Nel corso degli anni, ho sempre chiesto a mia mamma il perché della sua scelta, in fondo quasi tutti vogliono due figli, per farli crescere insieme e per non far sentire solo il maggiore. Ma queste sono voci di corridoio che ascolto molto volentieri in atelier. Mia madre invece, è sempre stata ferma ed irremovibile; non voglio soffrire ancora. Di certo non potevo controbattere, cosa potevo saperne io?

Una ragazza di venticinque anni che porta avanti un negozio tutto suo, una di quelle ragazze che stravede per New York, la città metropolitana, ma anche una di quelle che preferisce non legarsi sentimentalmente.

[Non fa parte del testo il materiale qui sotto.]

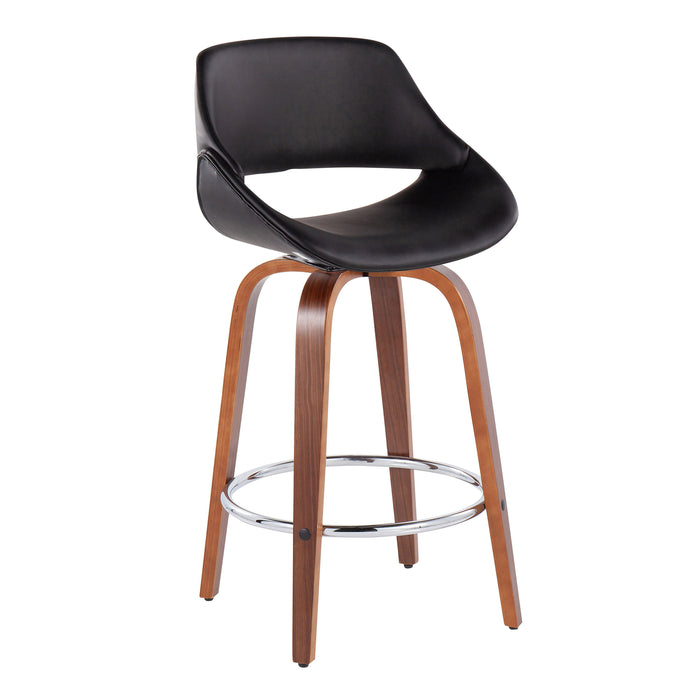 Fabrico - Mid Century Modern, Fixed Height Counter Stool With Round Footrest (Set of 2)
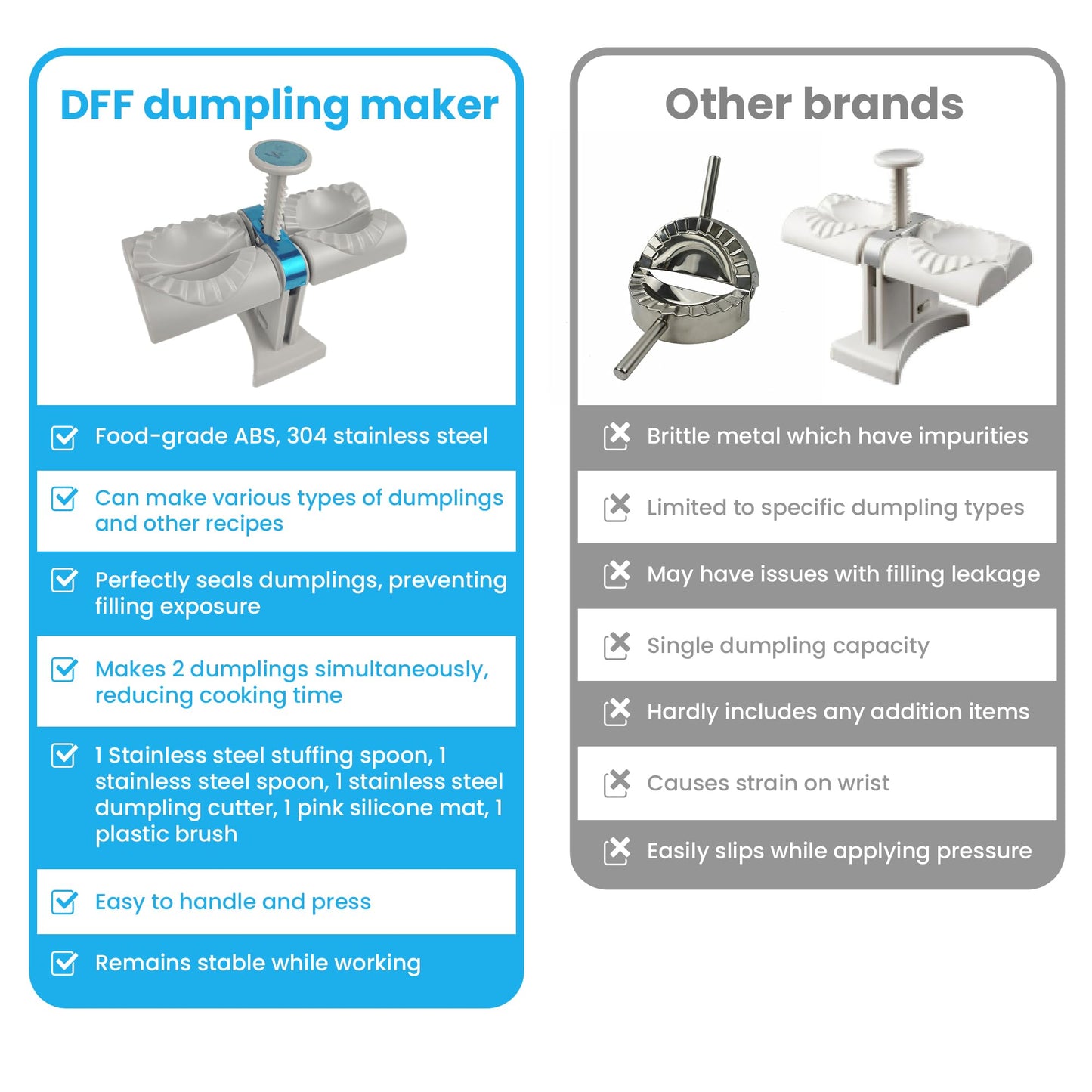 DFF Dumpling Maker Machine features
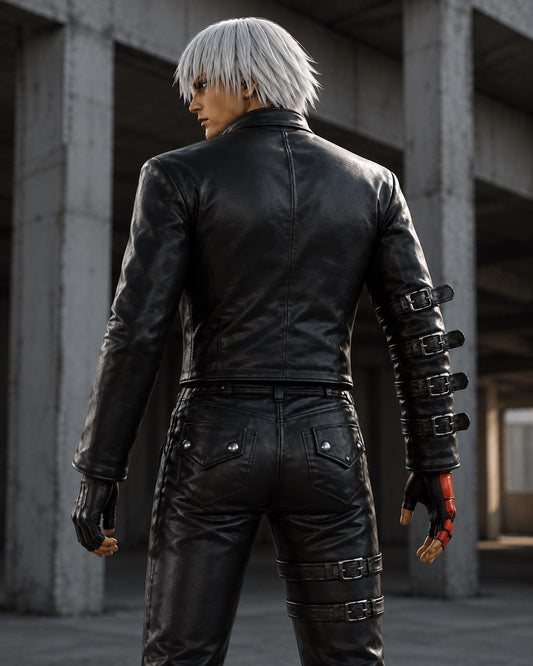 Black gothic biker jacket alternate angle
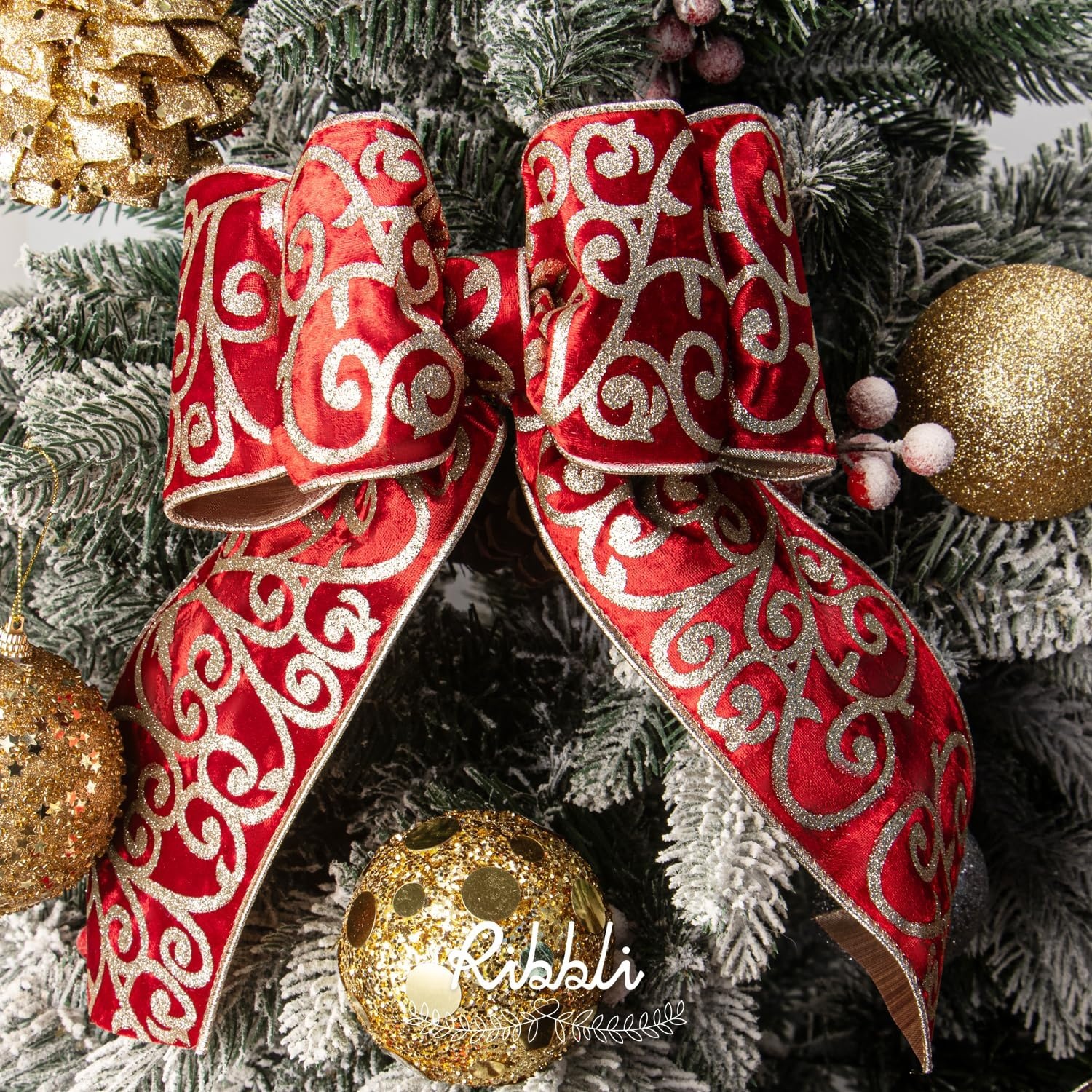 Ribbli Black Velvet Ribbon Wired with Glitter Swirl 4 Inch Christmas Ribbon for Christmas Tree Decoration Big Bow Gift Wrapping Crafts Wreaths Supplies – 10 Yards(Red)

Perché? È semplice. Sono tutti idioti e non lo dico solo perché mi va, ma perché l'ho constatato io stessa. Prima di voler intraprendere questa carriera, da sola, ho scelto di trascorrere gran parte del mio tempo con il figlio di uno dei più grandi investitori Newyorkesi, ma non ho tratto alcun vantaggio da quella quasi relazione.

Sono una donna alla quale piace ricevere attenzioni, non devono essere certo vistose, ma non mi piace assolutamente passare inosservata, tanto meno dal mio ragazzo. Con lui però, passavo sempre in secondo piano, il suo modo di comportarsi nei miei confronti, a tratti violento, mi portava sempre di più verso un punto di non ritorno e di certo non faceva niente quando glielo facevo notare più volte. Ma è stato un bene, George Miller, è stato l'ultimo uomo a cui mi sono legata sentimentalmente.

Inutile dire che mia madre non ha apprezzato molto la mia scelta. Lei ha sempre voluto sistemarmi con qualcuno, vedermi felice accanto ad un uomo di successo e se possibile con due figli o addirittura di più. Sì, un po' incoerente da parte sua. Le madri...

Non penso di aver mai capito la mia, certo, il nostro legame è sempre andato oltre, tanto da sembrare due amiche e non solo madre e figlia, ma capita spesso di trovarci in disaccordo su certe scelte, anzi, molte.

Mio padre, a differenza sua, è un tipo più riservato. Non ci vediamo spesso, capita davvero di rado che riusciamo ad organizzarci per un pranzo e, quando succede, lui deve scappare sempre al lavoro. Si potrebbe dire che è devoto al lavoro, sarebbe disposto a cedere anima e corpo per gli investimenti. Da qualche anno a questa parte, è in affari con il figlio di un suo carissimo amico. Non ho avuto molti dettagli a riguardo, so solo che gestisce una grande catena di alberghi qui a New York e nei dintorni.

«Tesoro!»

La voce squillante di mia madre, mi provoca un leggero sussulto.

«Mamma! Cosa ci fai qui?» sorrido, falsamente, girandomi verso la porta dell'atelier.

«Come cosa ci faccio qui? Abbiamo l'inaugurazione da preparare! Figlia mia, ma dove hai la testa?»

Resto immobile, senza dire una parola, mentre mia madre gira come una trottola per tutto il negozio. Tocca, osserva, sposta le cose e dice cose incomprensibili.